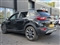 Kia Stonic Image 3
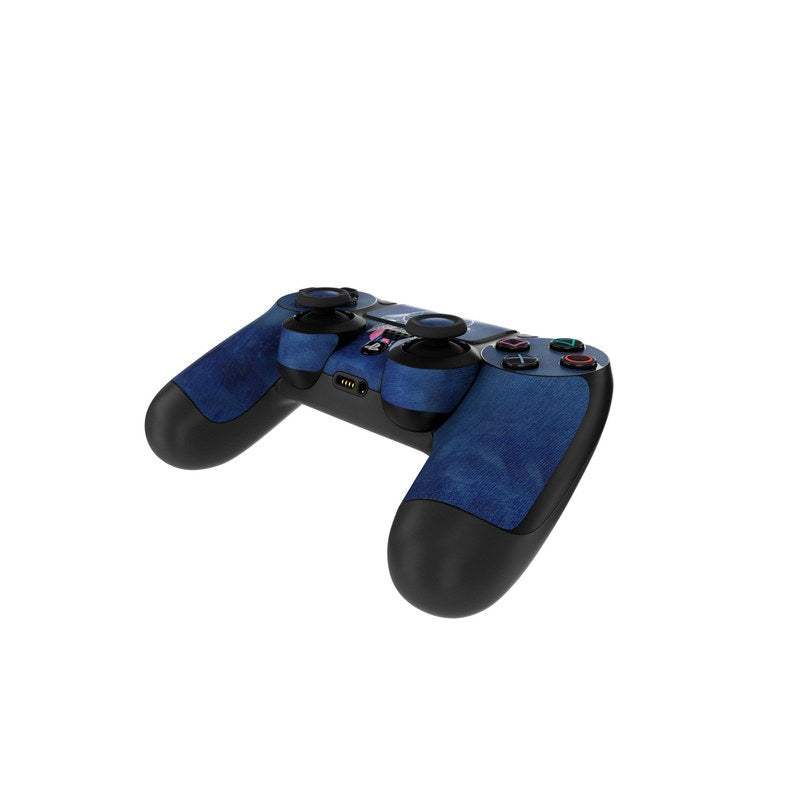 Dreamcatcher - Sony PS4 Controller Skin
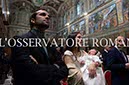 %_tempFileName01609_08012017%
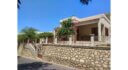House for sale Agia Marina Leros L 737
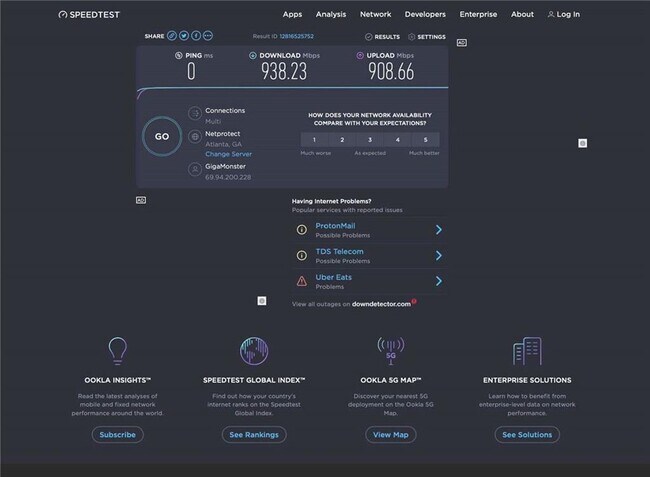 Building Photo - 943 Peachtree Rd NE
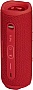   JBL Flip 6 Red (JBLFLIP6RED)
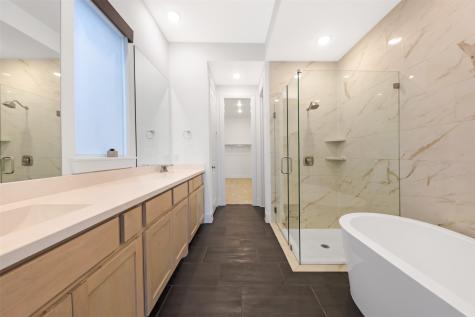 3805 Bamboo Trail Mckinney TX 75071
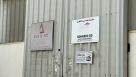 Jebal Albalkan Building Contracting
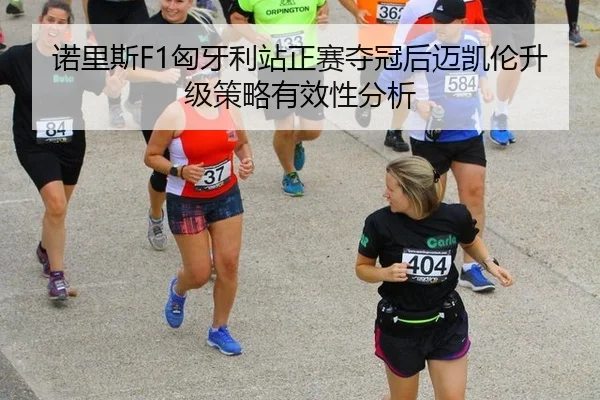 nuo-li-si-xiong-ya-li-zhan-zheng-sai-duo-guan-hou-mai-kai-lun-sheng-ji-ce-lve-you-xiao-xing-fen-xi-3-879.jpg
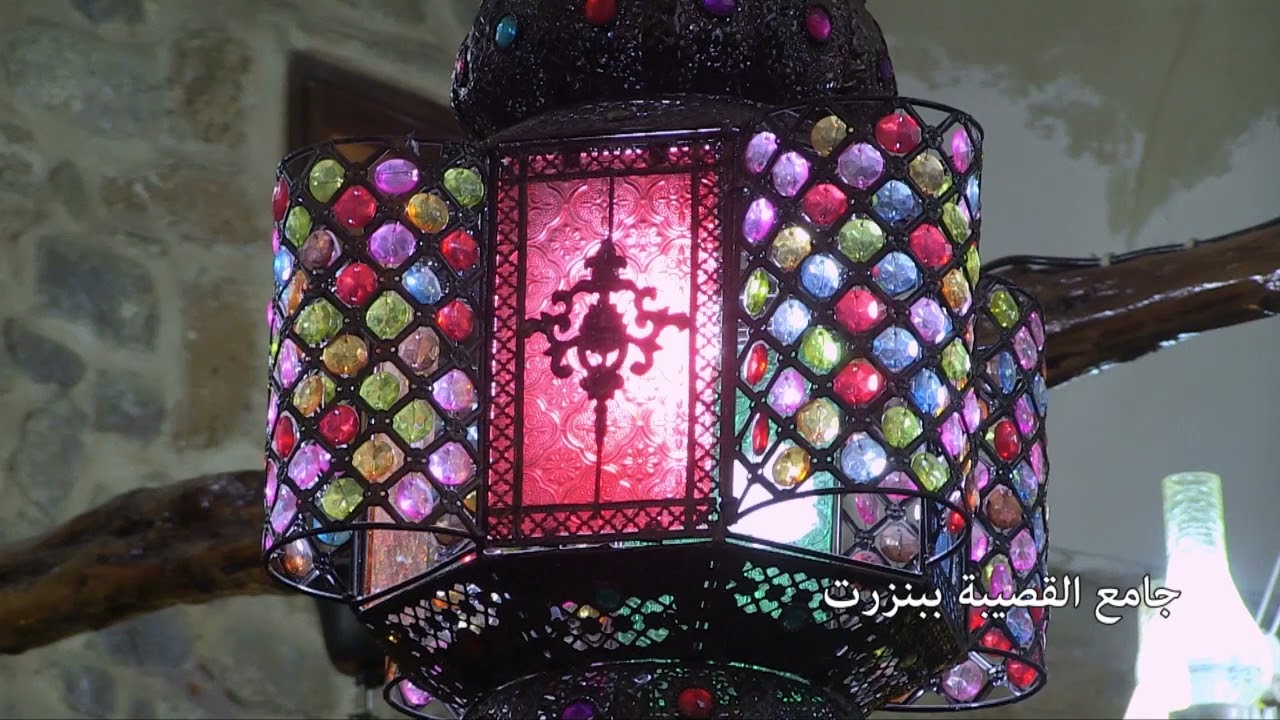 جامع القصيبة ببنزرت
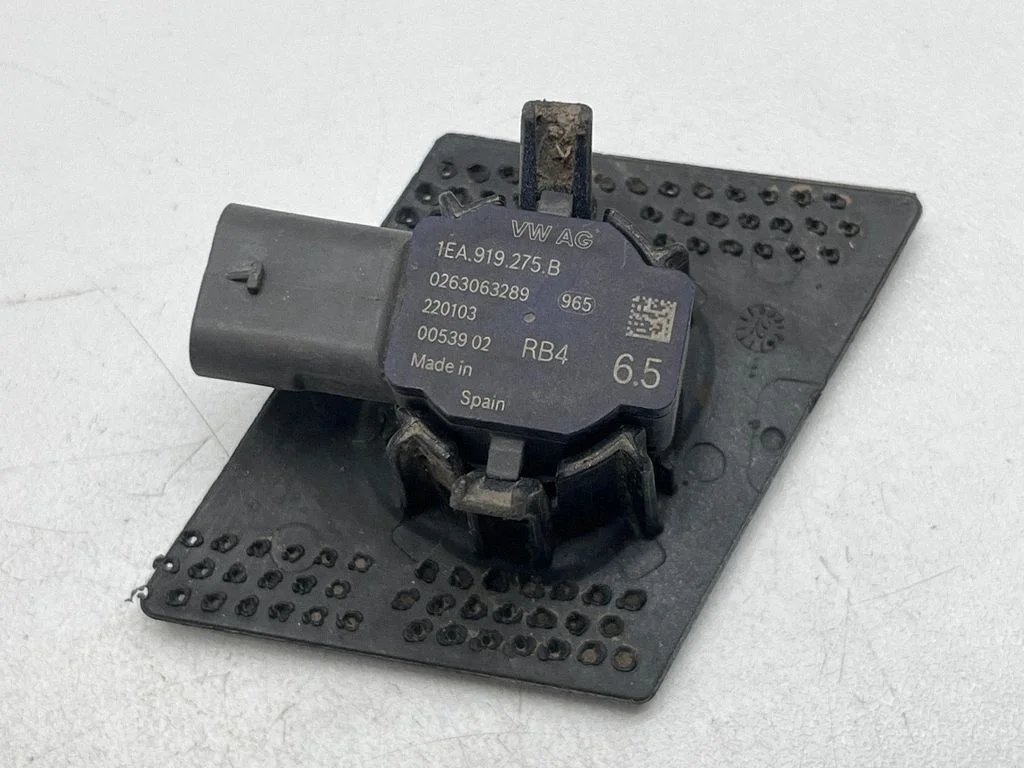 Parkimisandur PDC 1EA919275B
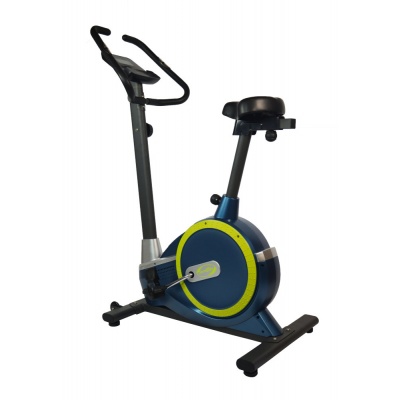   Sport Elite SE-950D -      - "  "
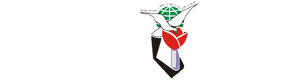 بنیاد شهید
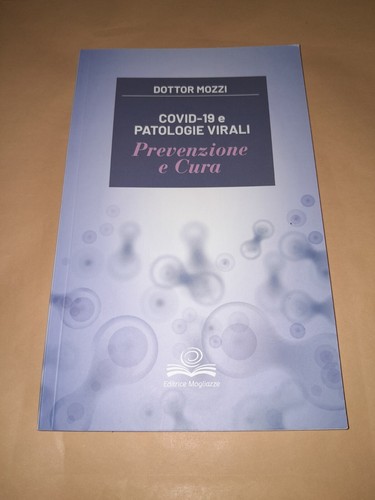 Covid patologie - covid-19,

********************

* _Required action_
Please copy the data above word for word, but only from the line that contains "Building Photo - 943 Peachtree Rd NE" through the final line, both included, and without the pictures.

* _Solution for this problem_
 Building Photo - 943 Peachtree Rd NE
   JBL Flip 6 Red (JBLFLIP6RED)
 3805 Bamboo Trail Mckinney TX 75071
 Jebal Albalkan Building Contracting
 nuo-li-si-xiong-ya-li-zhan-zheng-sai-duo-guan-hou-mai-kai-lun-sheng-ji-ce-lve-you-xiao-xing-fen-xi-3-879.jpg
 جامع القصيبة ببنزرت
 Parkimisandur PDC 1EA919275B
   Sport Elite SE-950D -      - "  "
 بنیاد شهید
 Covid patologie - covid-19,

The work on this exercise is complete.